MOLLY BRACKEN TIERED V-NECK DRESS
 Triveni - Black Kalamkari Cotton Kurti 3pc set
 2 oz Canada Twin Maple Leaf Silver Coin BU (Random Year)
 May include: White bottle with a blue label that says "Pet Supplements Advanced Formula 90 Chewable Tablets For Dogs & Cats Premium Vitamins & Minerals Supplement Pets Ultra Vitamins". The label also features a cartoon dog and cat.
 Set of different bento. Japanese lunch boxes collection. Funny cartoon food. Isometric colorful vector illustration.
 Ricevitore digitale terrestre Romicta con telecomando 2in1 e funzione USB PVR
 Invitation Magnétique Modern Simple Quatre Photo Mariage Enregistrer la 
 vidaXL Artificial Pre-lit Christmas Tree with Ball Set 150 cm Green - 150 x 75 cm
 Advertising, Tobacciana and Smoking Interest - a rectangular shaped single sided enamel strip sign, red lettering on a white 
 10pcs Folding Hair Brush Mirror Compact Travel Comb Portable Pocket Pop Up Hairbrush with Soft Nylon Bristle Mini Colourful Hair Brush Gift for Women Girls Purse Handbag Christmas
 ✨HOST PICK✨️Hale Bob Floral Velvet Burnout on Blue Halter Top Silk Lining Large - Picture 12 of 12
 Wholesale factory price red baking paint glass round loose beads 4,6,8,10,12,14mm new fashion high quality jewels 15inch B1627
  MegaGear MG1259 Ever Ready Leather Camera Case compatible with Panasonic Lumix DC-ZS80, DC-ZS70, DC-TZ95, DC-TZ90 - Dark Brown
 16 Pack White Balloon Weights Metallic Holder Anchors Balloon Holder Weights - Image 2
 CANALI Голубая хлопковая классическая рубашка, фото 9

*YOUR ASSIGNMENT*: No line should appear in the answer except those from the one containing "Invitation Magnétique Modern" through the last line of the listing, each retyped exactly.

*EXERCISE OUTPUT*:
 Invitation Magnétique Modern Simple Quatre Photo Mariage Enregistrer la 
 vidaXL Artificial Pre-lit Christmas Tree with Ball Set 150 cm Green - 150 x 75 cm
 Advertising, Tobacciana and Smoking Interest - a rectangular shaped single sided enamel strip sign, red lettering on a white 
 10pcs Folding Hair Brush Mirror Compact Travel Comb Portable Pocket Pop Up Hairbrush with Soft Nylon Bristle Mini Colourful Hair Brush Gift for Women Girls Purse Handbag Christmas
 ✨HOST PICK✨️Hale Bob Floral Velvet Burnout on Blue Halter Top Silk Lining Large - Picture 12 of 12
 Wholesale factory price red baking paint glass round loose beads 4,6,8,10,12,14mm new fashion high quality jewels 15inch B1627
  MegaGear MG1259 Ever Ready Leather Camera Case compatible with Panasonic Lumix DC-ZS80, DC-ZS70, DC-TZ95, DC-TZ90 - Dark Brown
 16 Pack White Balloon Weights Metallic Holder Anchors Balloon Holder Weights - Image 2
 CANALI Голубая хлопковая классическая рубашка, фото 9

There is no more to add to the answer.